DATA TO USE START

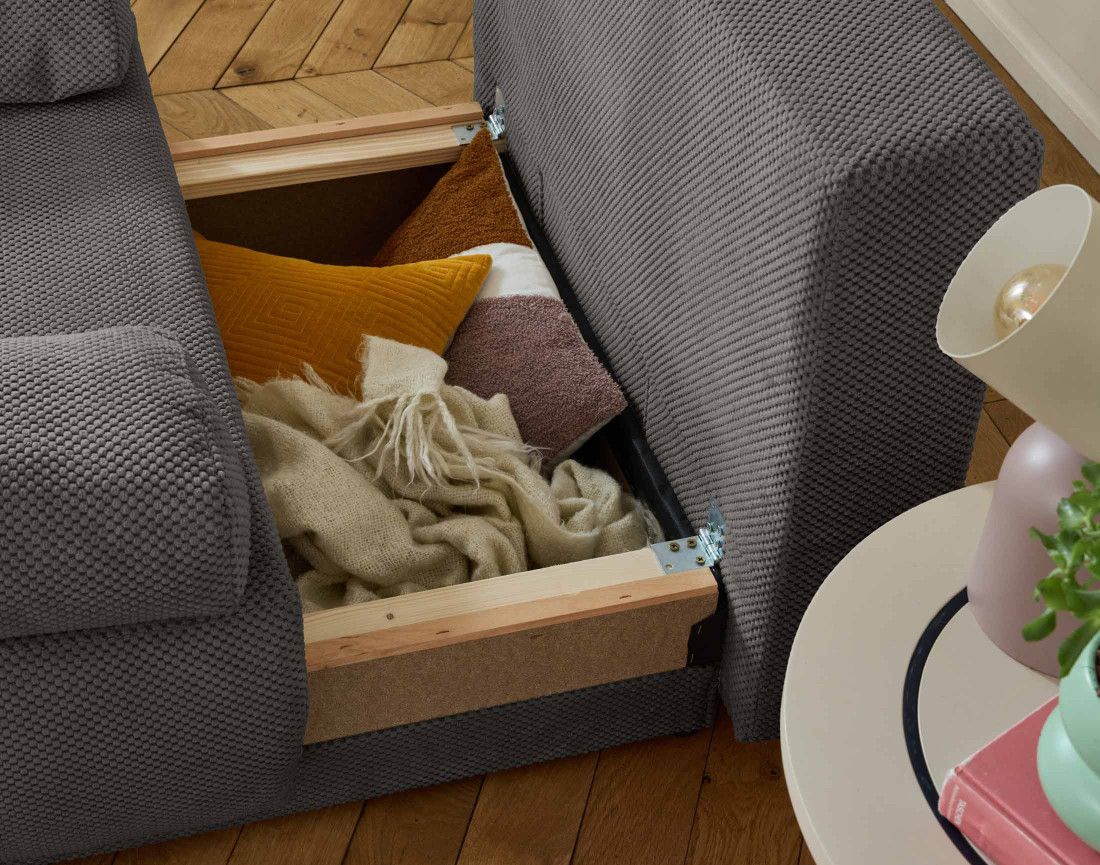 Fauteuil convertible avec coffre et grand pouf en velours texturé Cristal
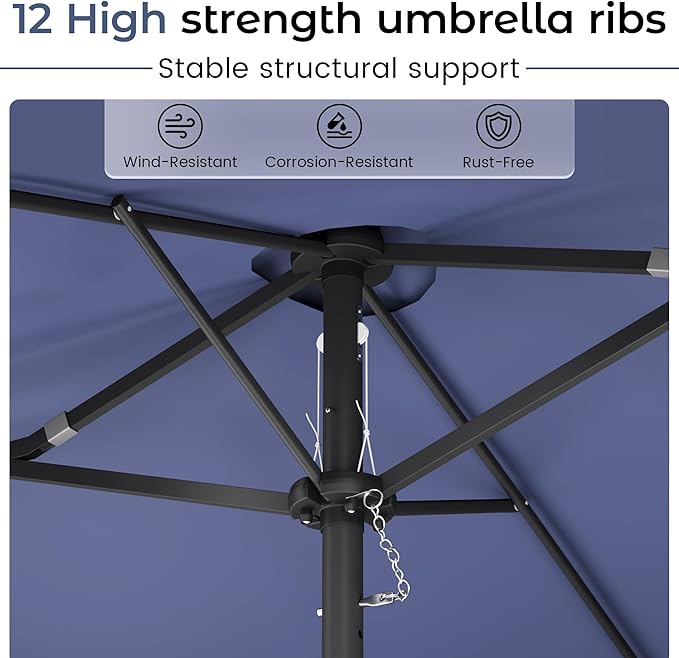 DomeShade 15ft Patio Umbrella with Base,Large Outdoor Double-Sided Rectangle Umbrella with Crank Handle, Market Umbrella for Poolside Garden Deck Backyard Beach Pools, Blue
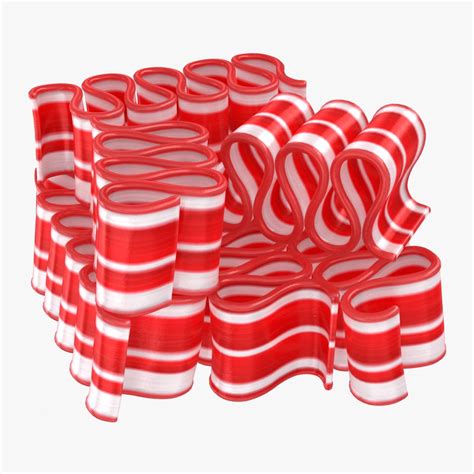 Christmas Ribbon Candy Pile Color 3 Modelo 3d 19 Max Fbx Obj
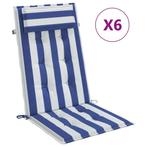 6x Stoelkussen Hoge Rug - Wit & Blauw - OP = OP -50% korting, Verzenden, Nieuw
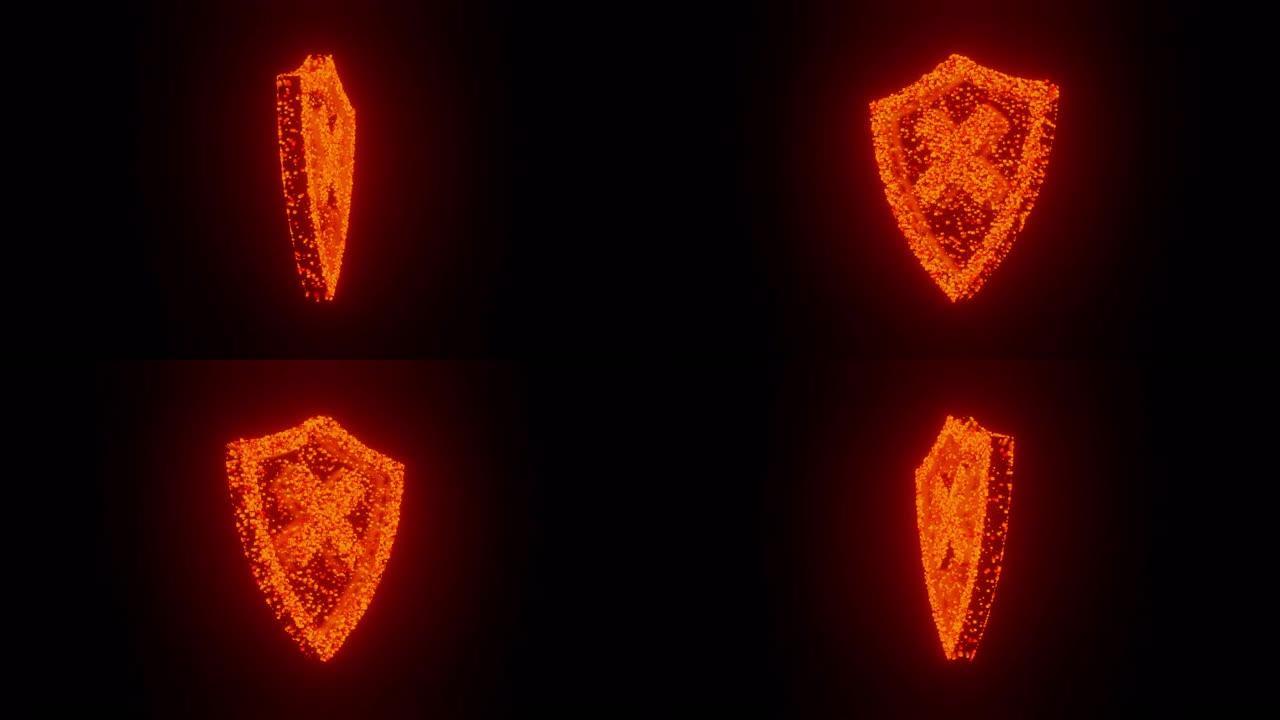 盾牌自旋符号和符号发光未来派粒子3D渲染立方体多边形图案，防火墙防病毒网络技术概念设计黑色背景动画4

DATA TO USE END

• [EXERCISE REQUIREMENTS]
Please reproduce the records above exactly and leave any picture behind.

• [EXERCISE RESPONSE]
 Fauteuil convertible avec coffre et grand pouf en velours texturé Cristal
 DomeShade 15ft Patio Umbrella with Base,Large Outdoor Double-Sided Rectangle Umbrella with Crank Handle, Market Umbrella for Poolside Garden Deck Backyard Beach Pools, Blue
 Christmas Ribbon Candy Pile Color 3 Modelo 3d 19 Max Fbx Obj
 6x Stoelkussen Hoge Rug - Wit & Blauw - OP = OP -50% korting, Verzenden, Nieuw
 盾牌自旋符号和符号发光未来派粒子3D渲染立方体多边形图案，防火墙防病毒网络技术概念设计黑色背景动画4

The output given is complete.